Re: Update from post-commit hook

Posted by Phil Endecott <sp...@chezphil.org>.
Ryan Schmidt wrote:
 > Phil Endecott wrote:
>> - Where do error messages from the hook scripts go?  (Using Apache.)
> ...error messages go nowhere.

Not a great decision, I must say.  How hard would it be to have them 
appear in Apache's error log?

>> - I don't want this to slow down commits if I can help it.  Is it  OK 
>> to background the hook script, i.e. to have "svn update &" in  the 
>> post-commit file?
> 
> I would definitely recommend spawning off another process somehow,  but 
> simply "svn update &" may be too simplistic. If Bob commits r100  at 
> 12:00:00 and the svn update process gets spawned at 12:00:01 and  takes 
> 10 seconds to complete, and Joe commits r101 at 12:00:02 firing  off 
> another svn update process at 12:00:03, then Joe's update process  will 
> probably throw an error that the working copy is in use /  dirty / 
> whatever it says

If the update instead waited for the working copy to be unlocked, rather 
than failing immediately, there wouldn't be a problem.  Is this an issue 
only when the hook script is backgrounded, or does it also appy in the 
normal case?  Is there a lock somewhere that is not released until the 
post-commit hook has finished?  I had assumed that the locks were 
released at the point of commit.

Cheers,

--Phil.


---------------------------------------------------------------------
To unsubscribe, e-mail: users-unsubscribe@subversion.tigris.org
For additional commands, e-mail: users-help@subversion.tigris.org

Re: Update from post-commit hook

Posted by Ryan Schmidt <su...@ryandesign.com>.
On Nov 9, 2005, at 21:05, Phil Endecott wrote:

> Dear All,
>
> I have been thinking about using a post-commit hook to keep a  
> public "latest snapshot" of part of the repository up to date.   
> This could be as simple as putting
>
> 	cd /latest/snapshot/; svn update

The hook script runs with no environment. You'll need to call any  
executables by their complete path, e.g. /usr/bin/svn. You can test  
your hook script on the command line by running something like env - 
i /path/to/hooks/post-commit . This is useful for debugging because...

> in the post-commit hook.  I've done some quick experiments which  
> have not been very sucessful, so I have some questions:
>
> - Where do error messages from the hook scripts go?  (Using Apache.)

...error messages go nowhere. You can redirect them to a log file if  
you so desire, like

cd /latest/snapshot
/usr/bin/svn update 2>/path/to/svnupdate.log


> - Access is normally via Apache; is the nested call to svn OK, or  
> does /latest/snapshot/ need to be a file: checkout, or what?  (One  
> of my experiments led to a runaway svn process, making me think  
> that something recursive was going on.)

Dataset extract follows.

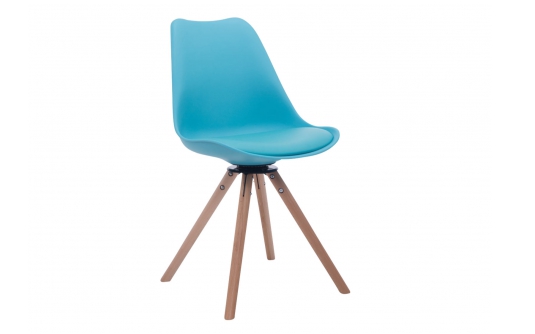 Krzesło TROY obrotowe noga  ● drewno dąb siedzenie i poduszka NIEBIESKA ekoskóra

It should be ok, but I would recommend using a file:/// checkout  
instead because it will be faster. Make sure you have a FSFS  
repository, as BDB repositories have problems with concurrent access  
over different protocols.


> - (Possibly related to the above:) I rquire HTTP AUTH for both read  
> and write to the repository.  How can the apache user, who runs the  
> hook script, authenticate itself in the nested call?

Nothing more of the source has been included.